When you transcend intra-motherboard parallelism and get into networked / cluster / grid computing, you also get the issues of network bandwidth, network going down, and the proper management of failing computational nodes. You may need to modify your problem so that it becomes easier to handle the situations where part of the computation gets lost when a network node goes down.
Before we had operating systems people building applications would sit down and discuss things like:
how will we store data on disks
what file system structure will we use
what hardware will our application work with
etc, etc
Operating systems emerged from collections of 'developer libraries'.
The beauty of an operating system is that your UNWRITTEN software has certain characteristics, it can:
talk to permanent storage
talk to the network
run in a command line
be used in batch
talk to a GUI
etc, etc
Once you have shifted to an operating system - you don't go back to the status quo ante...
Erlang/OTP (ie not Erlang) is an application system - it runs on two or more computers.
The beauty of an APPLICATION SYSTEM is that your UNWRITTEN software has certain characteristics, it can:
fail over between two machines
work in a cluster
etc, etc...
Guess what, once you have shifted to an Application System - you don't go back neither...
You don't have to use Erlang/OTP, Google have a good Application System in their app engine, so don't get hung up about the language syntax.

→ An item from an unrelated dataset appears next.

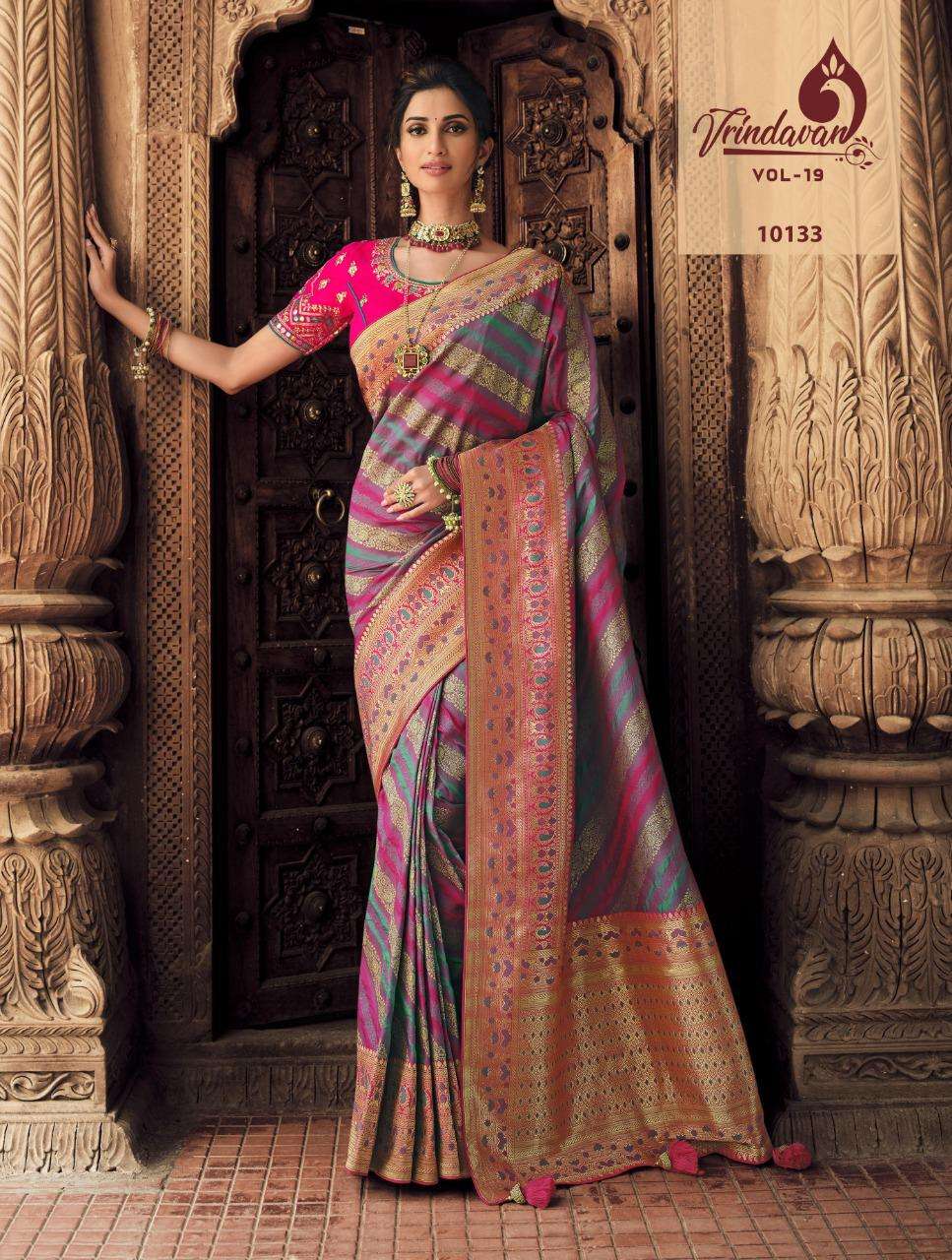 Royal vrindavan vol 19 silk designer saree collection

There may well be good business reasons to build on the Erlang/OTP stack not the Google App Engine - the biz dev guys in your firm will make that call for you.

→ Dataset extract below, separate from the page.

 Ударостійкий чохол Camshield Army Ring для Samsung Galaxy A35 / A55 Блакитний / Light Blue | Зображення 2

The problems will stay almost the same inf future, but the underlying hardware for the realization is changing. To use this, the way of compunication between objects (components, processes, services, how ever you call it) will change. Messages will be sent asynchronously without waiting for a direct response. Instead after a job is done the process will call the sender back with the answer. It's like people working together.
I'm currently designing a lightweighted event-driven architecture based on Erlang/OTP. It's called Tideland EAS. I'm describing the ideas and principles here: http://code.google.com/p/tideland-eas/wiki/IdeasAndPrinciples. It's not ready, but maybe you'll understand what I mean.
mue
Erlang makes you think of the problem in parallel. You won't forget it one second. After a while you adapt. Not a big problem. Except the solution become parallel in every little corner. All other languages you have to tweak. To be concurrent. And that doesn't feel natural. Then you end up hating your solution. Not fun.
The biggest advantages Erlang have is that it got no global garbage collect. It will never take a break. That is kind of important, when you have 10000 page views a second.